'Atomic Bomb Proof' Bungalows

Miramar Avenue/Long Road

This picture was sent in by Frank Whitnall. His son Simon found it while browsing at the Battlebridge car meet. It is inscribed:

‘Jim, Kit, Reg and Olive. Mirama Avenue, Canvey Island’

Miramar Avenue (at right angles to Long Road) is part of a small estate of so-called ‘Atomic Bomb Proof’ Bungalows built shortly after WWII and this photo appears to have been taken in the late 50’s. The name on the gate belonging to another pair of bungalows, just out of view, is ‘Brockenhurst’. (see enlargements in the gallery below)

Does anyone know who ‘Jim, Kit, Reg and Olive’ were?

‘Jim, Kit, Reg and Olive. Mirama Avenue, Canvey Island’

The following picture was taken at the same location in Miramar Avenue in 2009. As you can see one of the pair of bungalows in the picture above has been demolished and two new ones have been built. The furthest bungalow on the right (painted blue) on the corner of Long road is one of the original bungalows but with an apex roof.

The next picture is of the four pairs of the bungalows in Long Road and the last picture is as they are today.

Four pairs of the ‘Atomic Bomb Proof’ Bungalows that fronted on Long Road

Same four pairs of ‘Atomic Bomb Proof’ Bungalows, now three pairs with apex roofs and one with first floor added

The pair of bungalows where the name on the gate was ‘Brockenhurst’ can be seen in the gallery below as it is in 2009. The only other bungalow still in its original state is in Long Road and can also be seen in the gallery below.

Quite why the buildings were called ‘Atomic Bomb Proof’ we do not know, if anyone has anymore information on the construction or how they come to be known as such, please make a comment below.

Update see plans of bungalow here

Comments about this page

  • I remember these houses being built in the late 1940’s,I was a pupil at Canvey County Primary school (opposite) at the time.We used to call them “The Atomic houses” and I believe the name arose from what we thought they looked like taking into account the mind of a ten year old influenced by the then perception of how people could be protected from an atom bomb!
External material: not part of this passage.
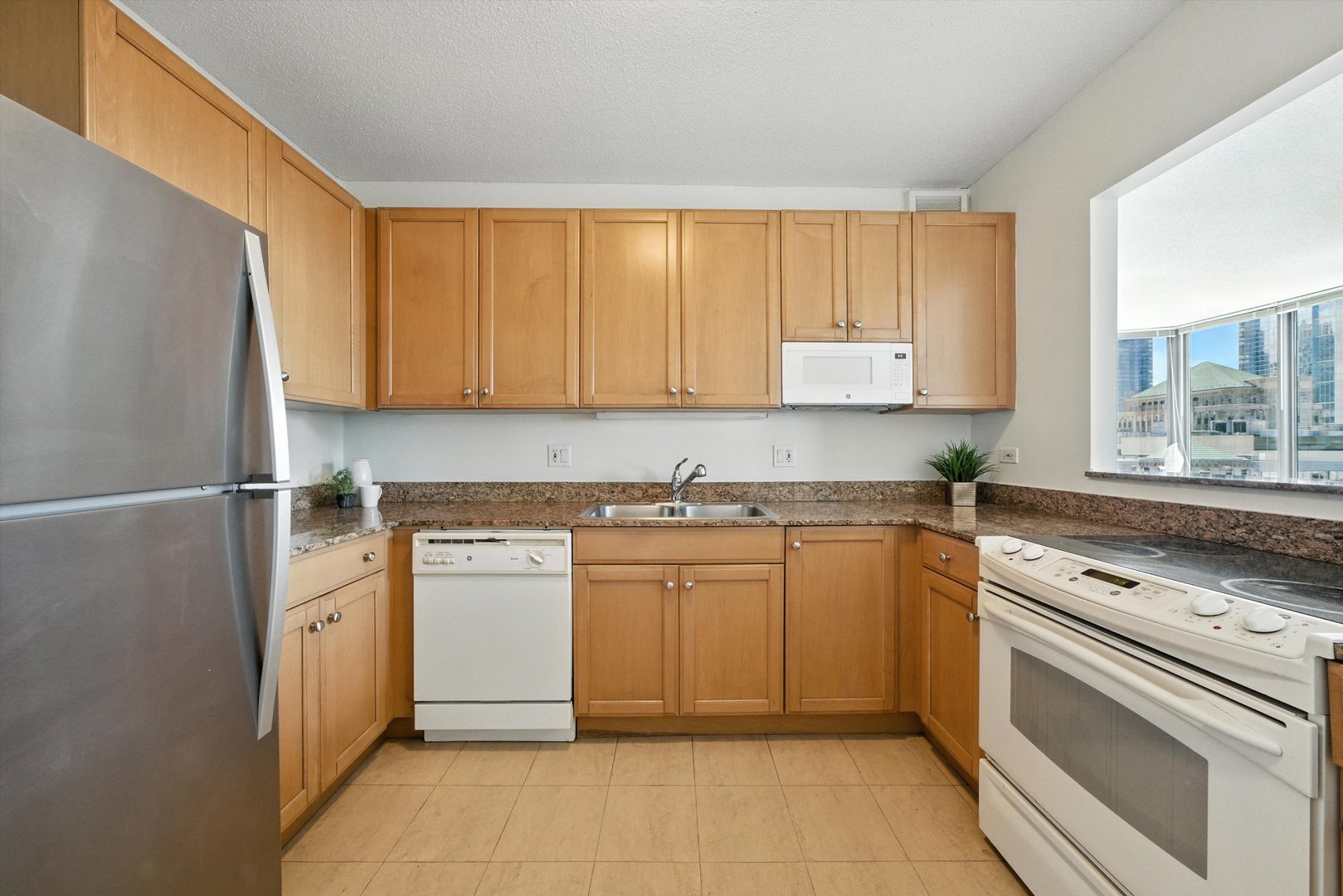 400 N La Salle Drive Unit: 2908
    Interestingly they were built that way purely because that was how they were designed- they must have been among the last houses to be built without a cavity wall as most if not all of them were adapted to incorporate a cavity wall in later years -but they were never bomb proof!

    By Ian Newman (18/10/2009)
  • Hi Ian
    Thanks for the comment and info on the construction of these bungalows.
    Graham

    By Graham Stevens (20/10/2009)
  • I used to live in one of the ‘Atomic Bomb Proof’ bungalows. I moved there in c1960, the buildings were then 15years old. Ours cost £1500 at that time and was called ‘La Maison’. They were definitely ‘Atomic Bomb Proof’, this is how they were advertised and the walls were so hard…………..

    By Daphne (02/11/2009)
  • Despite the recent article in the new ‘Love Canvey’ publication there is no proof that these bungalows are anything to do with the American ‘Atomic Ranch’ Style. Also any comments in the article have no connection with the Archive.

    By Janet Penn (09/09/2011)
  • My grandparents (Smith) lived in the second bungalow along from the Eastern end of the row facing Long Road. We called it ‘the bombshell bungalow’. It had been named ‘Journey’s End’. They moved in about 1947/8 and lived there for about 10 years. As children living in Ilford, we always spent part of the summer holidays there, arriving by steam train from Barking station. I remember climbing up onto the roof with my Grandmother with a bucket of mortar to fix cracks in the roof, which seems to have been finished only with a sand and cement screed. Small wonder that later occupants ditched the flat roof for a pitched roof. The flat roof came into its own in the flood of 1953. Our grandparents spent the night up there while water swirled around their door. I remember the relief we all felt on learning that they were safe.

    By Andrew Doig (15/02/2014)
  • Does anybody else remember the builder’s sign outside these houses, saying something like “New bungalows, proof against the atomic bomb” ?
    Seems a pity one of them has not been listed.
    Michael Swanson

    By Michael Swanson (18/03/2021)
  • I remember my Father who was a builder and decorator saying that the postwar government set maximum prices for new homes and the only way that it was possible to build homes was to build them down to the price and to cut every corner possible, hence no proper roof.

    By Richard Davies (26/01/2022)
  • We live in the first one in the Eastern side that is now a two storey house. We had to take up floor boards last year to fix some pipe work and there’s still the screed and shingle from the old roof.

    By Diane (20/11/2023)
  • My understanding is that flat roofs and solid ground floors were usually mandated for new build houses in the postwar austerity era to reduce the need for (imported) timber, as together they accounted for around 50% of the timber required to build a house. However, flat roofs were used for some pre-war houses as a matter of aesthetic design: there are quite a few what were obviously expensive-when-built, 1930’s flat roofed houses locally, although some have had pitched roofs added subsequently.